For many top-name designers, the climb-back to economic solvency has brought its share of unedifying commissions. For South-African born interior designer Kelly Hoppen, however, it’s a “gift opportunity” she’s relishing with gusto. One of the UK’s best-loved style gurus, with a who’s who client list including the likes of Gwyneth Paltrow, Jude Law and the Beckhams, adapting to changing client needs and trends is just another “twist in the career tale” of creating inspirational relevant design, one that Kelly has grafted hard for since she was 16. “The current recession has been a wake-up call in so many ways,” she says. “The overriding difference this time round however, has been its global impact. Before, we could rely on other countries to chip in and help out, but now everyone is affected. But it has flushed out a lot of the bad – and it’s certainly making people more aware of what and how they spend. I geared up for the worst, months before the downturn hit – doing so has put me in a stronger position whereby I can now evaluate every project I take on, and secure competitive prices from builders and other suppliers.”

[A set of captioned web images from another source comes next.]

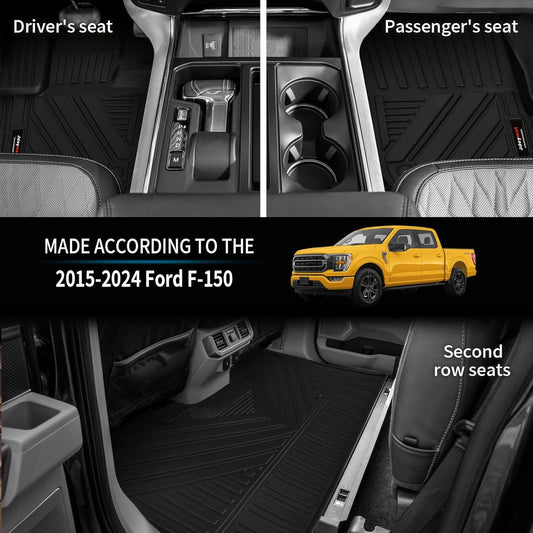 Custom for 2015-2024 2025 Ford F-150 Floor Mats Full Set All Weather TPE Rubber for Ford F150 Accessories
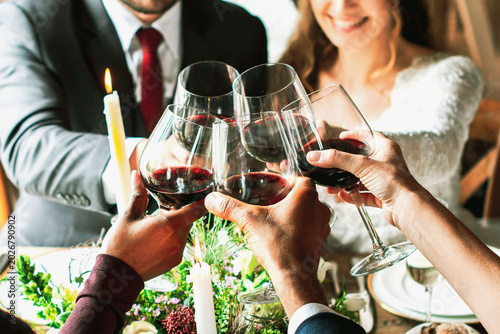 Tableau sur toile Joyful wedding celebration toast photo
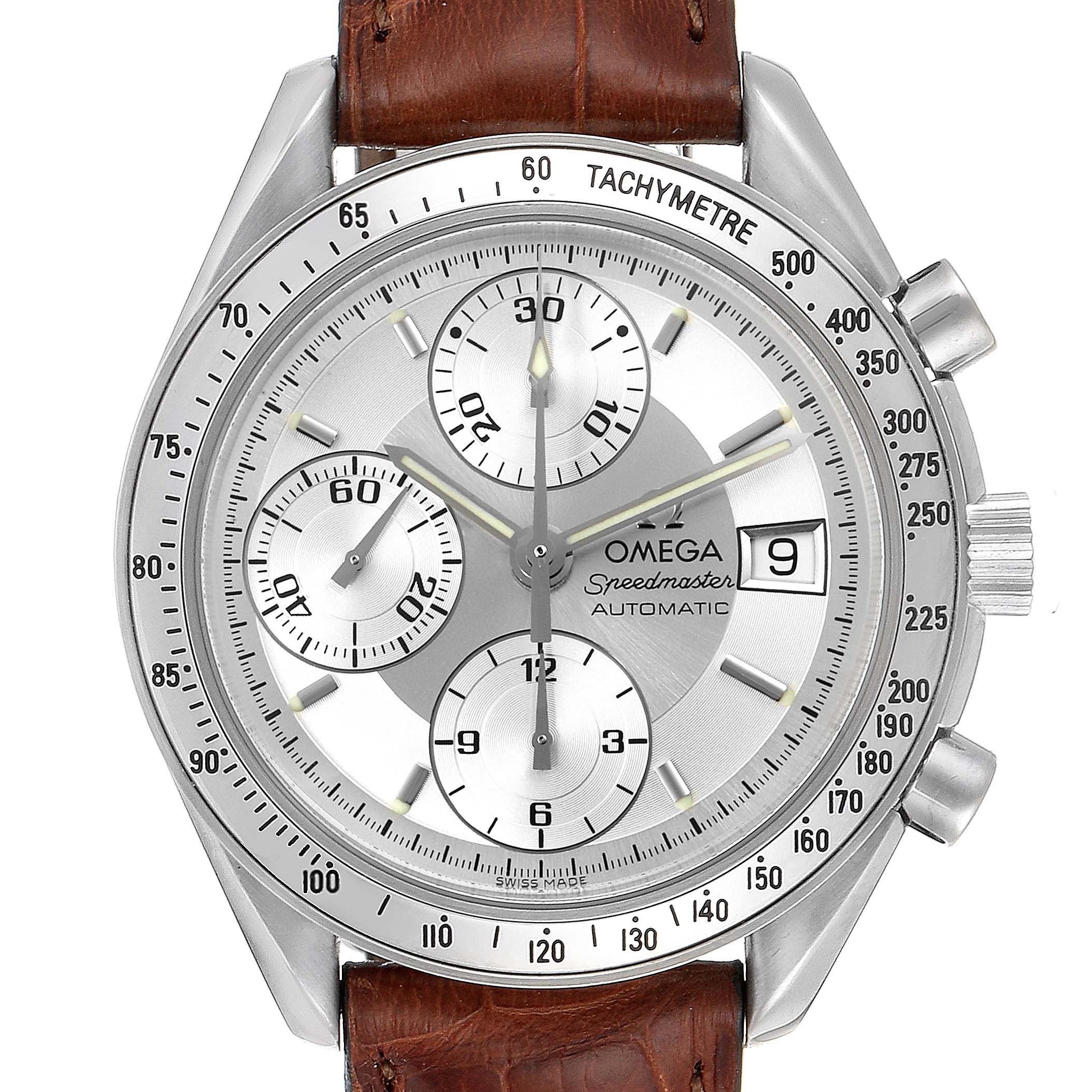 The image shows a front view of an Omega Speedmaster 3813.30.11 Men
s Stainless Steel Silver Dial 3813.30.11 Men
s Stainless Steel Silver Dial watch, displaying the dial, sub-dials, date window, and tachymeter.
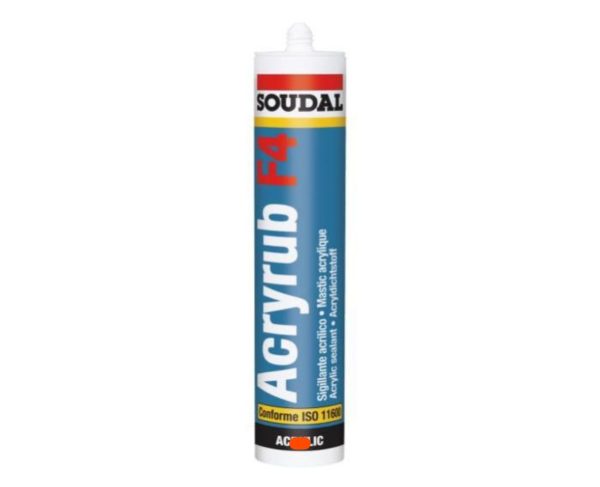 Mastic Acrylique 300ml Blanc Acryrub F4 Soudal ISOLO006 – Joint étanche et résistant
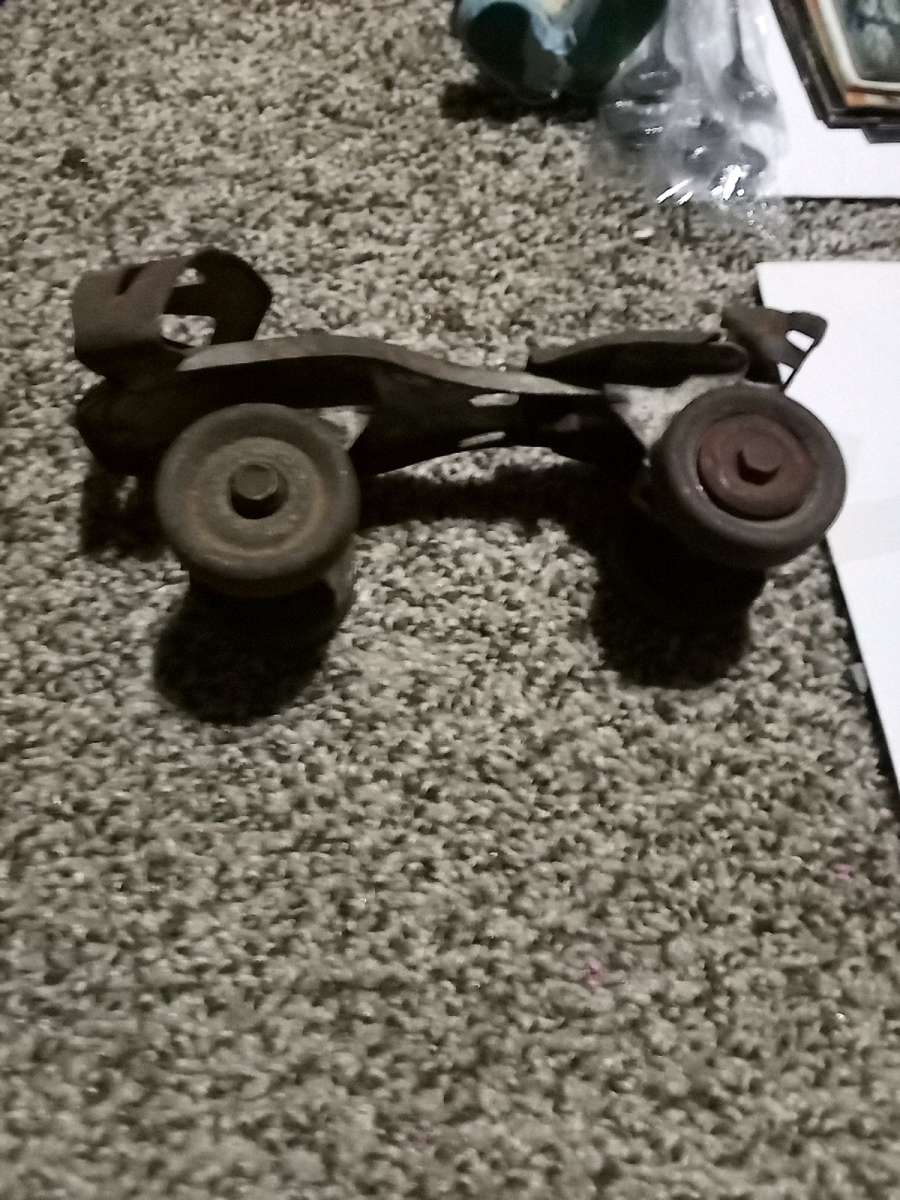 antique metal rolling skates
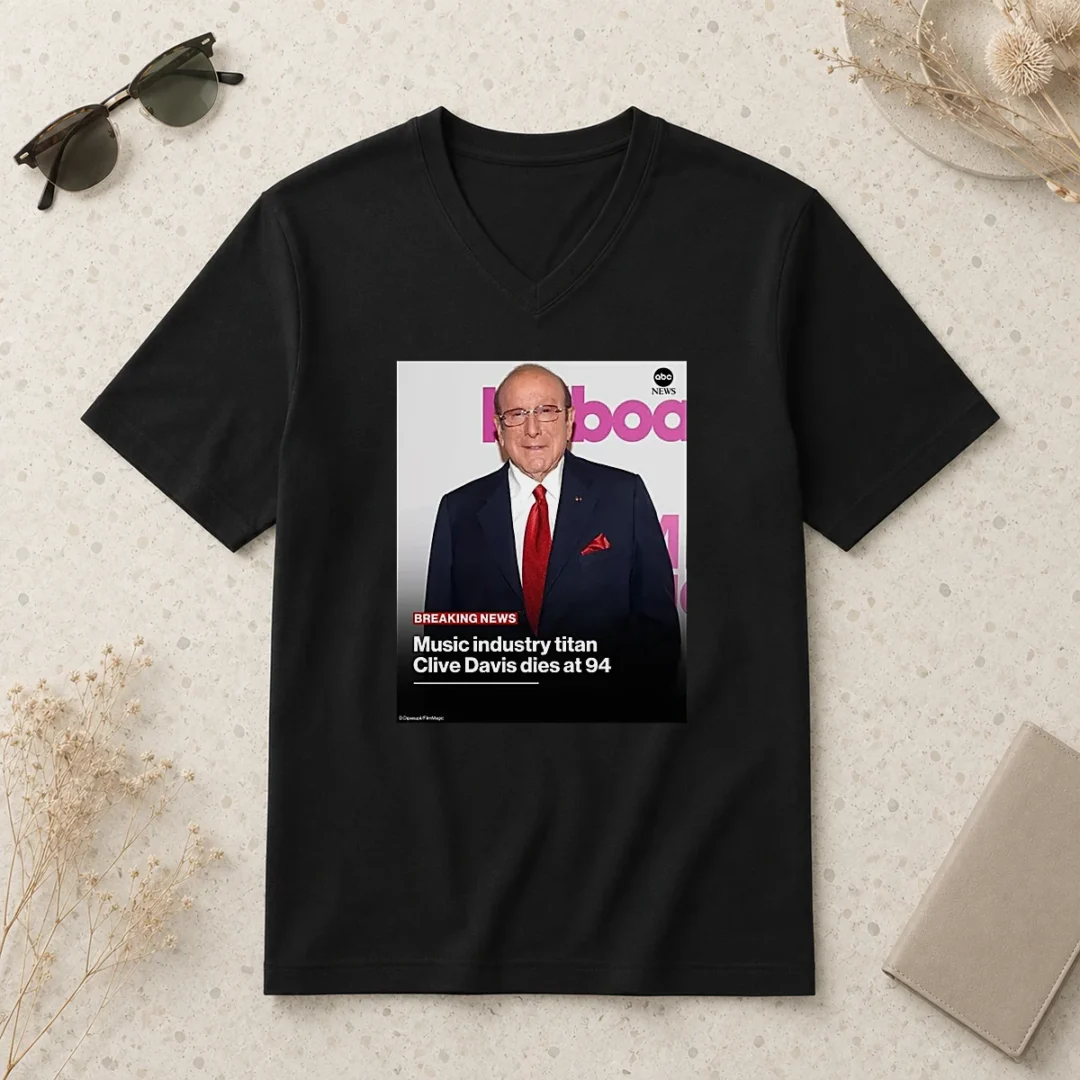 pretty-music-industry-titan-clive-davis-dies-at-94-v-neck-shirt Pretty Music Industry Titan Clive Davis Dies At 94 V Neck Shirt in classic black with short sleeves and soft fabric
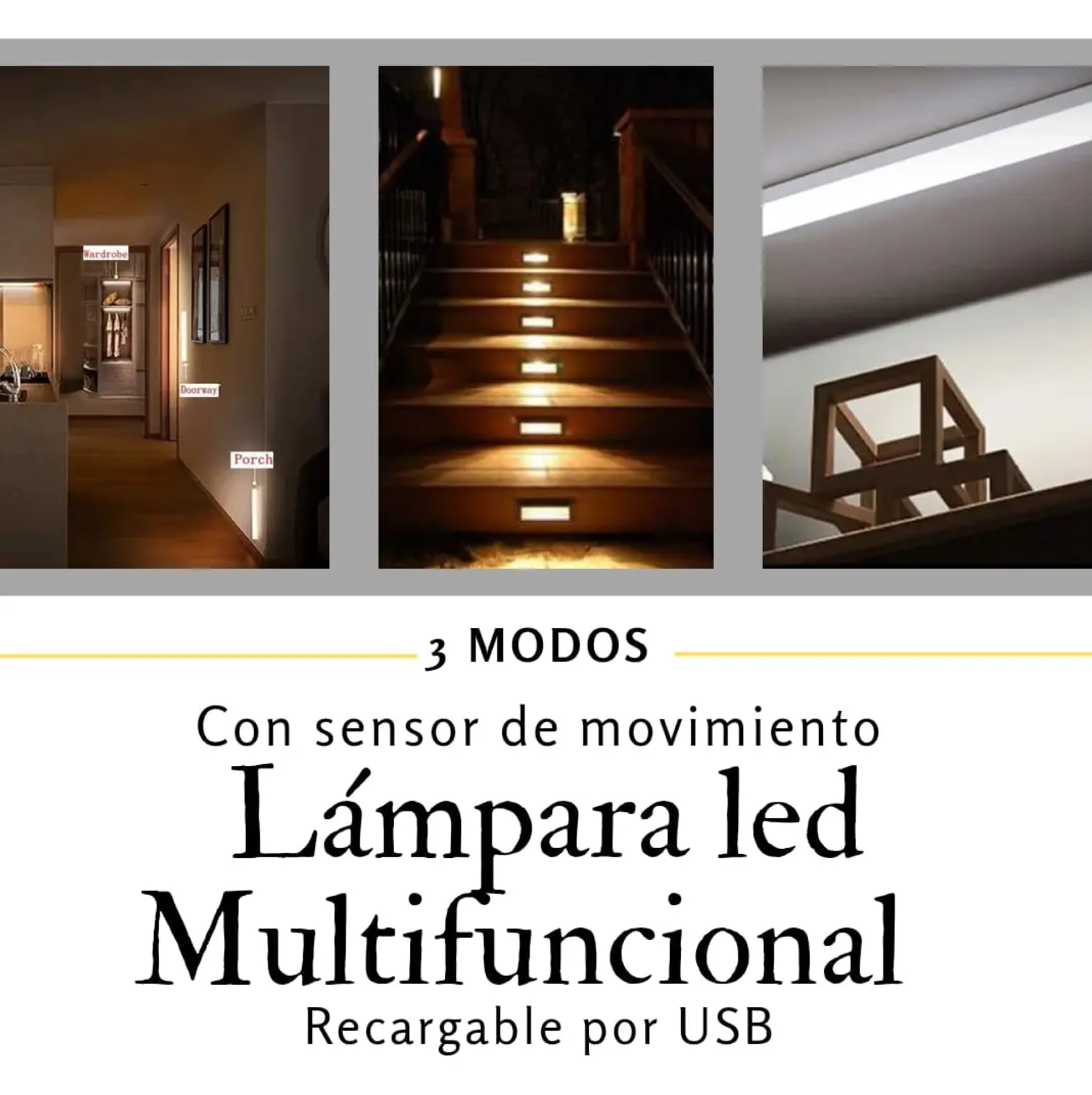 LAMPARA RECARGABLE LED 3CCT ULTRA SLIM C/SENSOR PLATEADO 30CM LED GOLD LSR1-006 - Imagen 3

It’s this focused, pragmatic approach that has seen Hoppen sail through a stellar career spanning over 30 years. While her designs are known for their simplicity and quality, her entrepreneurial spirit and self-starting ambition she attributes largely to her mother. “She came from a wealthy background, but her dynamic, creative personality was such that she launched herself into business from an early age – first by selling maps of Africa and then on building a hugely successful business specialising in books. Later on she branched out into running an art gallery. Throughout my career, I’ve sought her advice – she’s very focused and determined. I’ve learnt from her that problems always have a solution if you give yourself time to reflect on them. It’s a philosophy I always try and adopt in the work place.”

Hoppen’s trademark style using light, space and texture she puts down to the need to “engender good feelings about one’s living environment”, while her aesthetic sense revealed through her signature use of neutral shades of taupe, stone, and wood, is key to “creating harmony.” “My signature colour theme has always been muted,” she explains. “I find white walls and neutrals are more restful, but they’re also a great base from which to accent a home with furniture and accessories.” Trends, she adds, come and go. “To a large extent they’re a way of making people part with their hard earned money when they don’t need to, which in the current climate makes no sense. Instead, it’s far better to save for one or two quality pieces that will stand the test of time and experiment with colour with interchangeable accessories.”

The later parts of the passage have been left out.